CPU only version of molfeat #65

kkovary · 2023-06-29T04:51:09Z

Is there an existing issue for this?

I have searched the existing issues and found nothing

Bug description

I've been trying to build some application around molfeat and installing it on different systems like GitHub action runners without GPUs, old/lightweight servers, or other testing environments is currently really difficult due to the reliance on a GPU reliant version of PyTorch.

How to reproduce the bug

No response

Error messages and logs

# Error messages and logs here please

Environment

Current environment

#- Molfeat version (e.g., 0.1.0):
#- PyTorch Version (e.g., 1.10.0):
#- RDKit version (e.g., 2022.09.5): 
#- scikit-learn version (e.g.,  1.2.1): 
#- OS (e.g., Linux):
#- How you installed Molfeat (`conda`, `pip`, source):

Additional context

No response

The text was updated successfully, but these errors were encountered:

maclandrol · 2023-06-29T05:09:01Z

Hello @kkovary, installing molfeat on a system without GPU should work (see our CI) for example. Can you share the steps you are using ?

kkovary · 2023-06-29T05:51:48Z

Hi @maclandrol thanks for getting back to me. I'm wondering if the issue is arising from my team using poetry to manage dependencies and your team using mamba.

currently our pyproject.toml file looks like:

[tool.poetry]
name = "chem-transformer"
version = "0.1.0"
description = ""
authors = ["Your Name <[email protected]>"]
readme = "README.md"

[tool.poetry.dependencies]
python = "^3.10"
pydantic = "^1.10.8"
rdkit = "^2023.3.1"
molfeat = "^0.8.9"
datamol = "^0.10.3"
torch = [
     {version = "^1.13.0", markers = "sys_platform == 'macos'", optional = true},
     {version = "^1.13.0", markers = "sys_platform == 'linux'", optional = true},
 ]

[tool.poetry.group.ci.dependencies]
torch = "^1.11.0+cpu"
pytest = "^7.3.1"

[tool.poetry.dependencies.pytest]
version = "^7.3.1"
optional = true

[build-system]
requires = ["poetry-core"]
build-backend = "poetry.core.masonry.api"

This works fine for test environments, but when trying to build a docker image that will run on a CPU only system this fails due to missing CUDA libraries.

maclandrol · 2023-06-29T06:24:13Z

Thanks @kkovary, I will investigate it in the morning.

If you can share the exact error so I can try to reproduce (or find the dependency behind the issue), that would be nice.

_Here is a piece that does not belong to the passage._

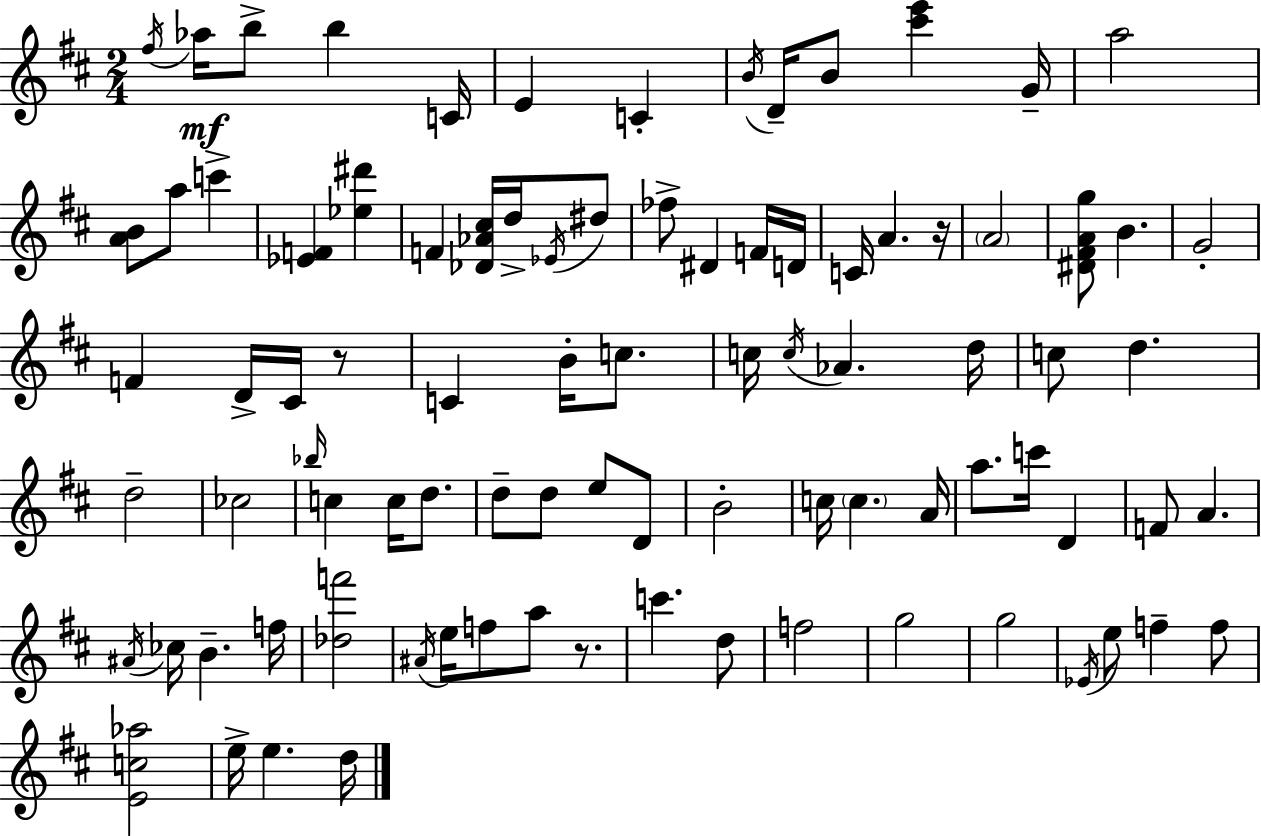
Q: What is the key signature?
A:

I can only see torch, since you are not installing the extra dependencies, but I will run some tests.

Can you confirm that removing molfeat from the poetry file above works ?

kkovary · 2023-06-29T06:57:46Z

Hi @maclandrol I stripped down the pyproject.toml file to remove the torch work-arounds that were included above

[tool.poetry]
name = "chem-transformer"
version = "0.1.0"
description = ""
authors = ["Your Name <[email protected]>"]
readme = "README.md"

[tool.poetry.dependencies]
python = "^3.10"
pydantic = "^1.10.8"
rdkit = "^2023.3.1"
datamol = "^0.10.3"
molfeat = "^0.8.9"

[tool.poetry.group.ci.dependencies]
pytest = "^7.3.1"

[tool.poetry.dependencies.pytest]
version = "^7.3.1"
optional = true

[build-system]
requires = ["poetry-core"]
build-backend = "poetry.core.masonry.api"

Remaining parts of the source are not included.